SKĐS - Five wealthy men pursue the adventure of exploring the legendary Titanic ship in the deep sea. Their passion for exploration has brought them together on the fateful submarine Titan, which is still mysteriously missing, with little life-sustaining oxygen left.
The missing Titan submersible is currently the focus of a search and rescue operation in the North Atlantic conducted jointly by the US and Canadian coast guards and rescue forces.
The legendary Titanic has long been the inspiration and passion of many archaeologists, scientists and novelists. Not only has it been featured in movies with the immortal love story between Jack and Rose in Titanic, but it has also inspired many explorers and adventurers who still want to visit the ruins at the bottom of the Atlantic Ocean. And the 5 explorers on the Titan submersible are among them.
From left to right, the five explorers on the Titan submersible include billionaire Hamish Harding, father and son Suleman and Shahzada Dawood, aerospace engineer Stockton Rush and Titanic expert Paul Henry Nargeolet.

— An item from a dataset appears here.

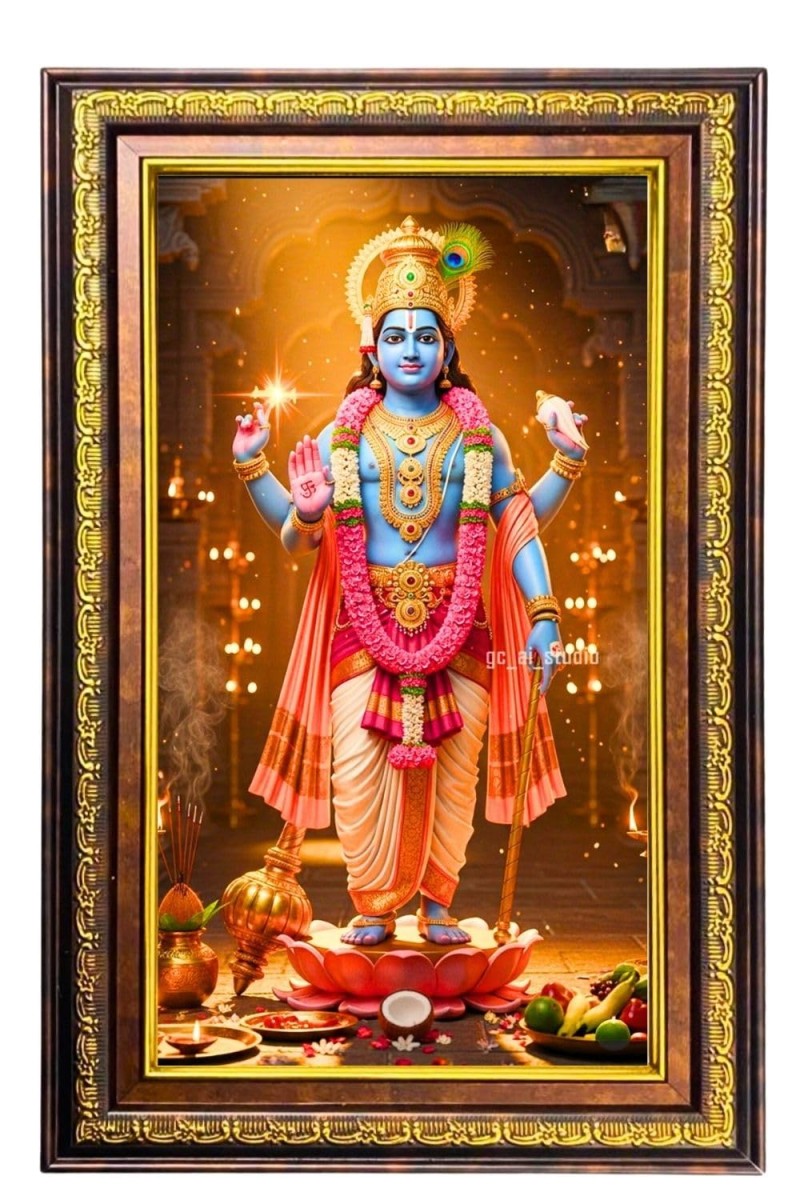 Lord Vishnu Digital Golden Balck Color Photo Frame | Hindu Religious Wall Decor | 12x18 Inches - Inspirational Wall Art For Office, Home Decor - Ideal Spiritual Gift (F16806)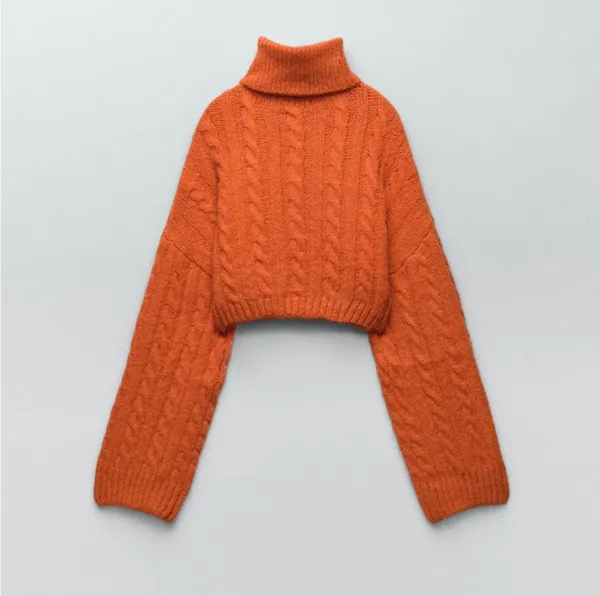ZARA knitted turtleneck sweter top cardigan - Image 2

The five men on board the submersible are now at the center of a race to rescue them before their oxygen runs out. Their passion for exploring the ocean and the remotest corners of the planet has brought them together on this fateful voyage. The explorers have anticipated dangers on their journey that few others can touch.
The Origin of the Titanic Adventure Tour Under the Atlantic Ocean
In early 2019, aerospace engineer Stockton Rush invented a submersible that could take people on an underwater tour of the Titanic.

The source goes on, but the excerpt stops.